Prepare a data frame of species observations for ingestion into the package unmarked for hierarchical modeling of abundance and occurrence. The function unmarked::formatWide() takes a data frame and converts it to one of several unmarked objects, which can then be used for modeling. This function converts data from a format in which each row is an observation (e.g. as in the eBird Basic Dataset) to the esoteric format required by unmarked::formatWide() in which each row is a site.

format_unmarked_occu(
  x,
  site_id = "site",
  response = "species_observed",
  site_covs,
  obs_covs
)

Arguments

x

data.frame; observation data, e.g. from the eBird Basic Dataset (EBD), for a single species, that has been filtered to those with repeat visits by filter_repeat_visits().

site_id

character; a unique idenitifer for each "site", typically identifying observations from a unique location by the same observer within a period of temporal closure. Data output from filter_repeat_visits() will have a .site_id variable that meets these requirements.

response

character; the variable that will act as the response in modeling efforts, typically a binary variable indicating presence or absence or a count of individuals seen.

site_covs

character; the variables that will act as site-level covariates, i.e. covariates that vary at the site level, for example, latitude/longitude or habitat predictors. If this parameter is missing, it will be assumed that any variable that is not an observation-level covariate (obs_covs) or the site_id, is a site-level covariate.

obs_covs

character; the variables that will act as observation-level covariates, i.e. covariates that vary within sites, at the level of observations, for example, time or length of observation.

Value

A data frame that can be processed by unmarked::formatWide(). Each row will correspond to a unqiue site and, assuming there are a maximum of N observations per site, columns will be as follows:

  1. The unique site identifier, named "site".
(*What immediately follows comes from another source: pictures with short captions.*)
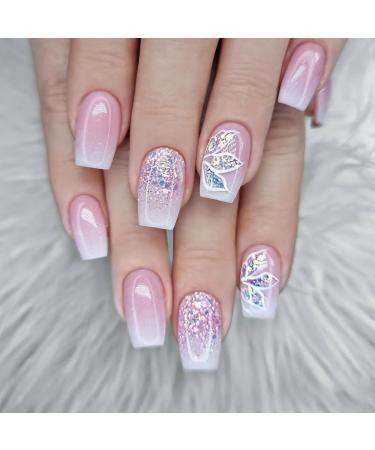Coffin False Nails 24Pcs Pink White Glitter Fake Nails Press on Nails with Glitter Gradient Glitter Nail Tips with Nail Glue Acrylic Stick on Nails for Women Girls Nails Art Gradient Glitter Pink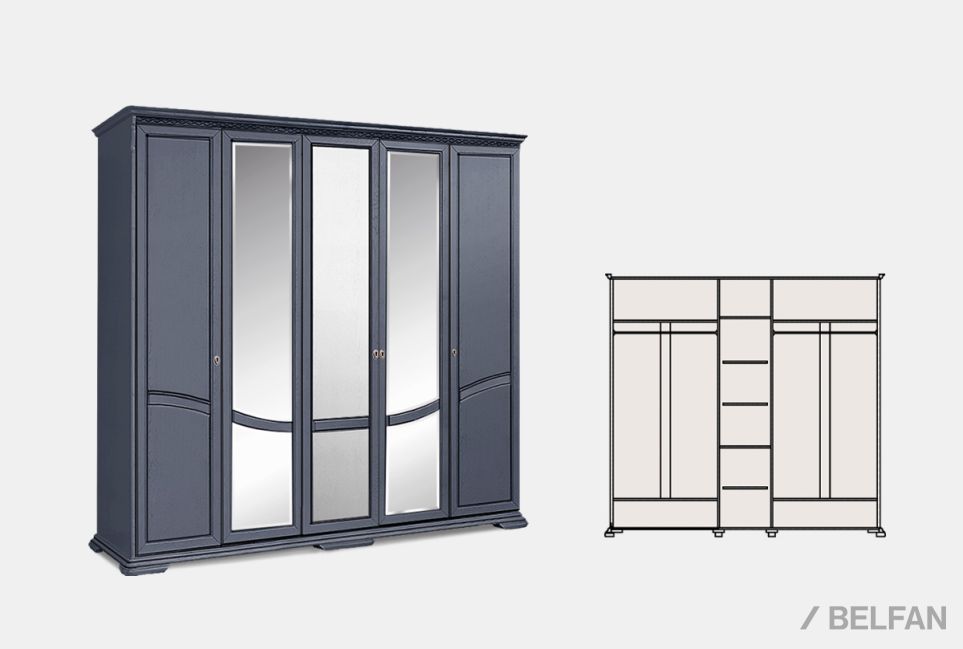 Шкаф для одежды 5-ти дв. "Лика" (с зеркалом) массив и шпон дуба 2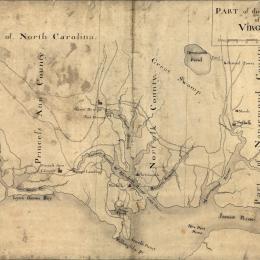 Colored manuscript map of southeastern Virginia showing Princess Anne, Norfolk and portions of Nansemond counties.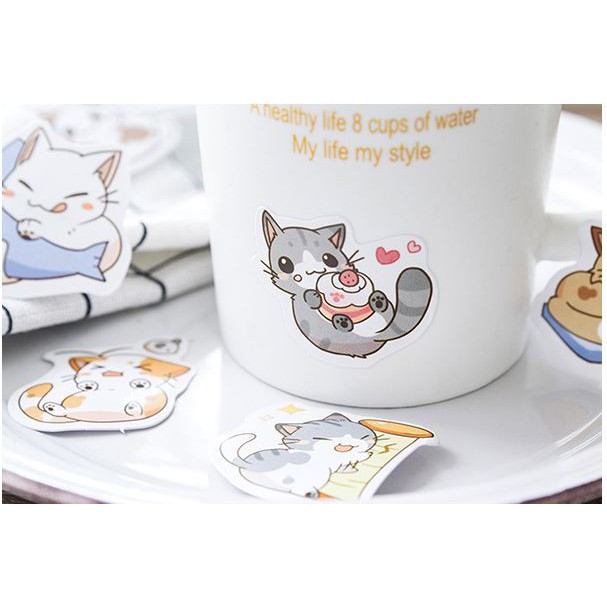 Hộp 45 Miếng Dán Sticker Trang Trí Mèo Nhật Bản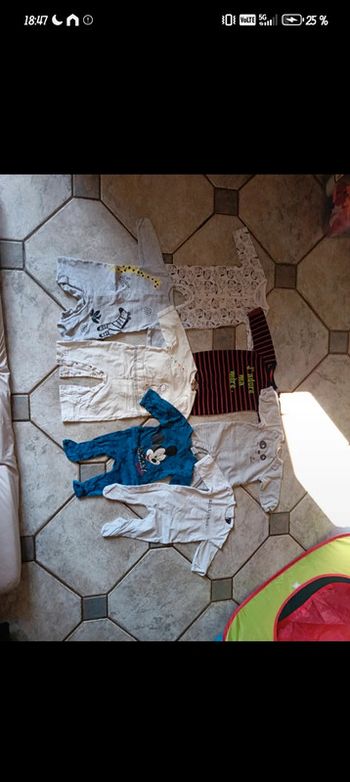 Lot 3 mois 62 cm pyjama grenouillère sans pied combinaison léger bébé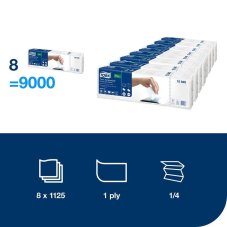 Tork ubrousky skládané Xpressnap®, 1-vrstvé / 8 bal bílé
  2. N response columns, one for each observation, named "y.1", ..., "y.N".

  3. Columns for each of the site-level covariates.

  4. Groups of N columns of observation-level covariates, one column per covariate per observation, names "covariate_name.1", ..., "covariate_name.N".

Details

Hierarchical modeling requires repeat observations at each "site" to estimate detectability. A "site" is typically defined as a geographic location visited by the same observer within a period of temporal closure. To define these sites and filter out observations that do not correspond to repeat visits, users should use filter_repeat_visits(), then pass the output to this function.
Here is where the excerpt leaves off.